À la mémoire d’un champion.

Enfin parmi nous, il était
Celui qui un jour serait
Par ses pairs reconnus car il le méritait
Naturellement si le concours, il le gagnait.

Consacrer son heure de loisir
Au début par simple plaisir
Aussi pour un peu se divertir
Mais sans arrêt, meilleur à devenir.

Des jeux par dizaines testés
Dans la zone réservée
Je veux dire dans sa chambre fermée à double clé
Des heures durant à se pratiquer.

Des journées entières pour essayer
Les codes des trouver
Car dans les jeux secrètement cachés
Avec seulement les boutons sur la manette positionnés.

Sans jamais au désespoir se laisser aller
Persévérer sans au grand jamais se douter
De ce que l’avenir allait un jour lui réserver
S’il continuait ainsi à ses jeux à tant se donner.
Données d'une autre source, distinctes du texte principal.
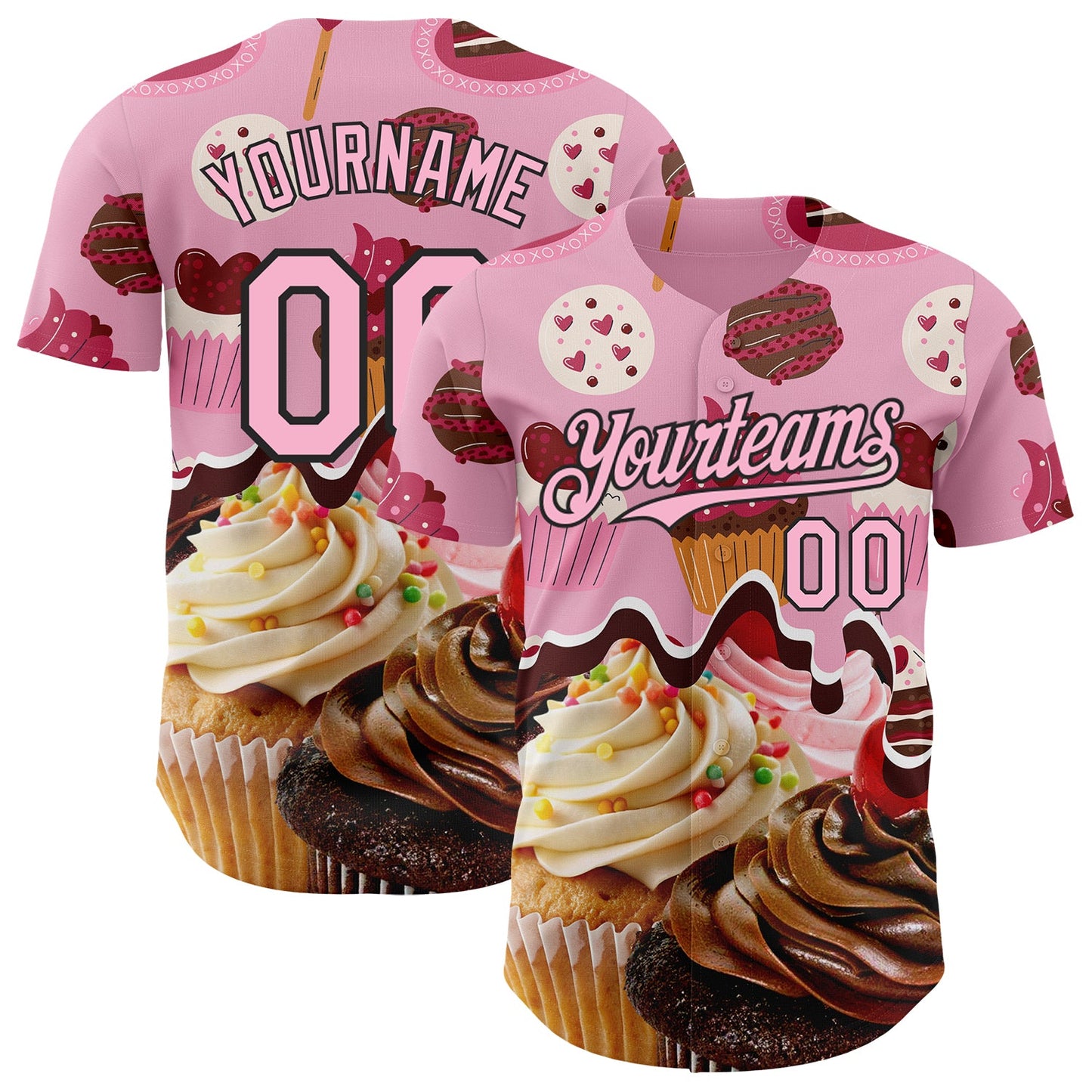 Custom Light Pink-Black Ice Cream Cake Foodie Dessert Authentic Baseball Jersey - Main View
Des fois la manette par terre échappée
Des fois presque découragé
Au travers des jeux à ne pas passer
Mais toujours ses manches à les relever.

Ne pas déranger
Quand dans sa chambre pour des heures à essayer
Sauf quand son père lui disait ‘’c’est assez’’
Car s’était l’heure de se coucher.

Son frère avec son caractère un peu aiguisé
Durant des soirées
Assit à ses côtés
À essayer volontairement de le déranger.

À ses jeux passionnés, il était
Il ne s’amusait pas, il travaillait
Dans ses doigts, la vitesse de l’éclair, il avait
De passer d’un bouton à l’autre, on ne le voyait.

De tout faire en même temps
S’était beaucoup demandé pour un enfant
Oui parfois s’était décourageant
Quand à des jeux parfois, il était perdant.

C’était le kid Brousseau
L’as du Nintendo
Un jour à devenir aux yeux de ses amis, un héros
Comme si pour lui s’était de gagner le gros lot.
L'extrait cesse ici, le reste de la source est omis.